Mme Nield dit qu'elle a obtenu le droit de parler à son amie, mais que ses demandes de parler au consulat canadien ou à ses parents sont restées sans réponse.

Elle a payé 880 $ pour sortir de prison

Les policiers lui auraient dit qu'elle resterait en prison jusqu'à sa comparution devant le tribunal le 12 juin, à moins qu'elle ne paie une caution de 880 $ US en espèces. La jeune femme n’avait pas cette somme d’argent comptant sur elle.

Finalement, elle a été autorisée à utiliser sa carte de débit et à payer sa propre caution. Mme Nield affirme qu’elle a aussi dû payer 200 $ pour que la fourrière lui rende sa voiture.

Une fois sortie de prison, elle est restée aux États-Unis dans le but de faire rejeter les accusations avec l'aide du père d'un ami qui est avocat en Virginie, ainsi que celle du consulat du Canada.

« Je croyais vraiment que j’étais ruinée, dit-elle. Lorsque vous faites une demande d'emploi, il y a toujours une case à cocher : "Êtes-vous un criminel, avez-vous déjà été condamné ou arrêté pour quoi que ce soit?" »

Selon le site web du département des Services aux chauffeurs de la Georgie, « les citoyens non américains titulaires d'un permis de conduire étranger valide sont autorisés à conduire dans l'État de la Georgie ».

Le site web explique : « Dans le cas d'un permis de conduire délivré par l'autorité compétente d'un pays étranger, un agent de la paix peut consulter le passeport ou le visa d'une personne pour vérifier la validité de ce permis, si disponible. »

Accusations rejetées

Trois jours après son arrestation, un juge du comté de Cook a rejeté les accusations qui pesaient sur Mme Nield.

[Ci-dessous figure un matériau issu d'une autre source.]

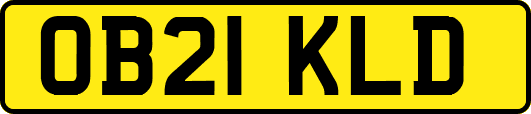 OB21KLD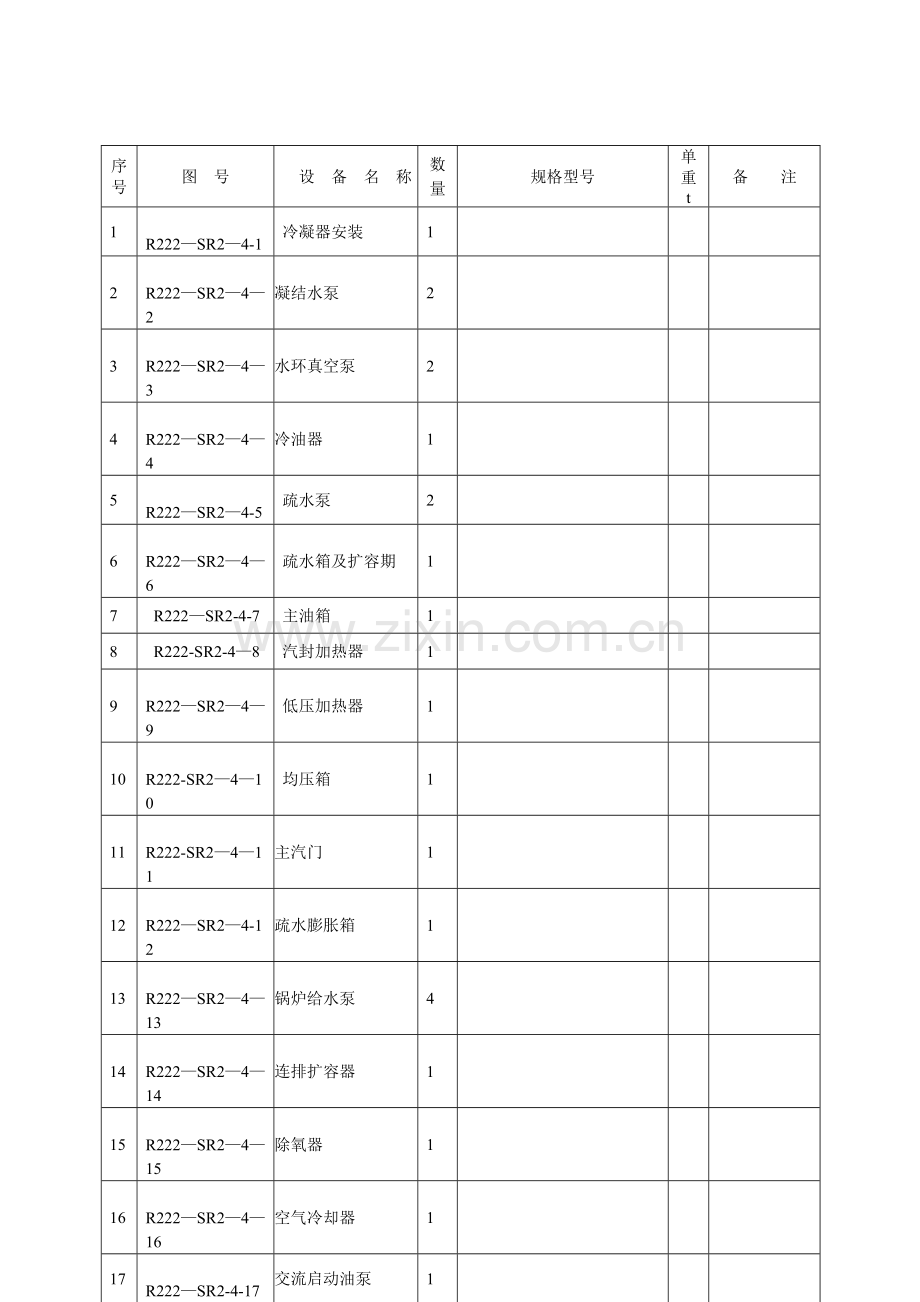 水泵拆除及安装施工方案.doc_第2页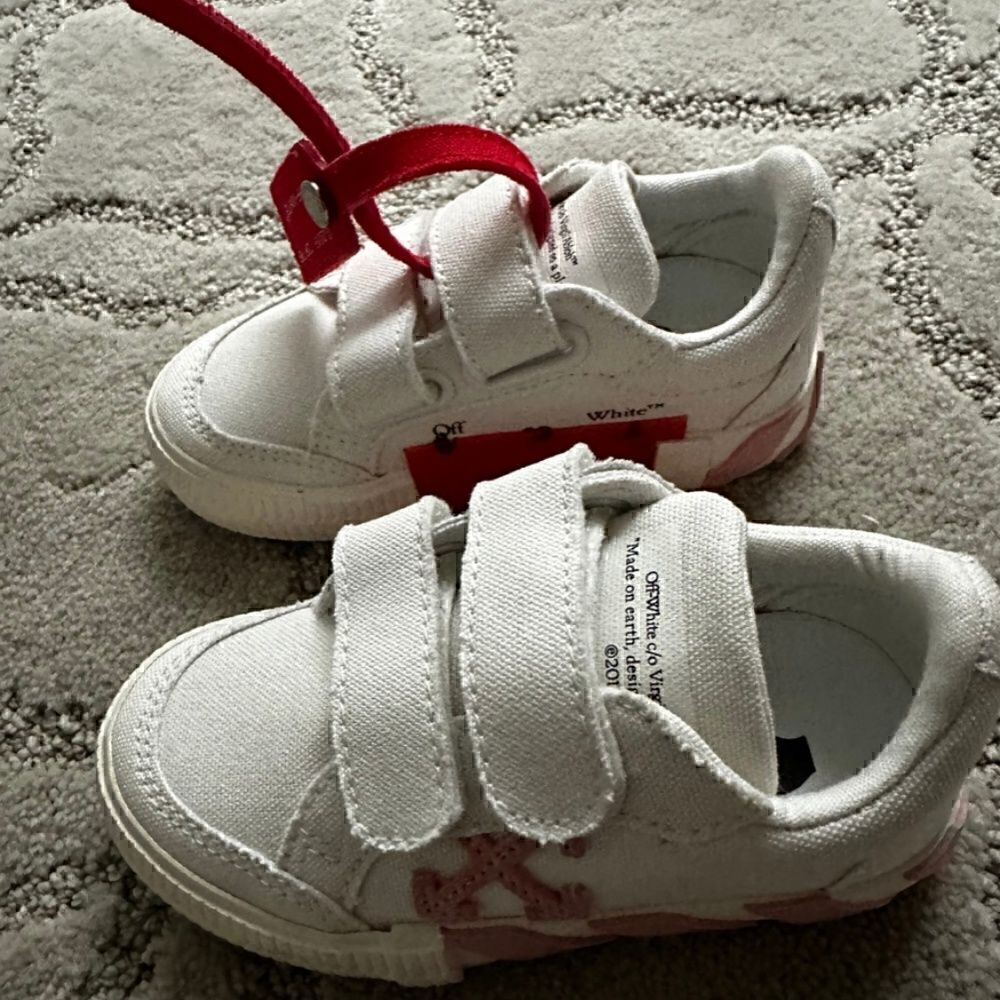 Kids' Vulcanized Low Top Sneaker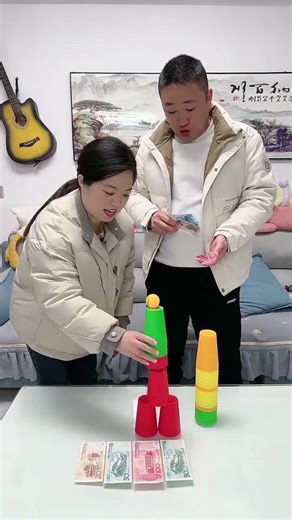 Play games and win red envelopes!#funny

Un fonctionnaire du comté en question affirme que la cour, en consultation avec l'avocat de Mme Nield, travaille à ce que toutes traces de l’arrestation soient effacées.

Selon Mme Nield, l’agente de police ignorait la loi : un permis de conduire canadien est valide en Georgie.

« Si vous êtes un policier, vous devriez connaître les lois, en particulier les policiers qui travaillent sur l'I-75, estime M. Nield. Il y a tellement de touristes hivernants canadiens qui se rendent en Floride pour des vacances! »

Après avoir appris que son arrestation serait éliminée du système, Mme Nield affirme qu’elle a « pleuré de joie ». La semaine dernière, elle est revenue au Canada.

Mme Nield est présentement à la maison avec ses parents à Kleinburg, en Ontario, mais elle devra retourner aux États-Unis pour récupérer son véhicule.

En attendant, elle veut que le bureau du shérif du comté de Cook soit tenu responsable.

« J'aimerais voir la policière qui m’a arrêtée être réprimandée formellement », explique Mme Nield.

CBC News a tenté de joindre le bureau du shérif du comté de Cook à plusieurs reprises, mais n'a pas reçu de réponse.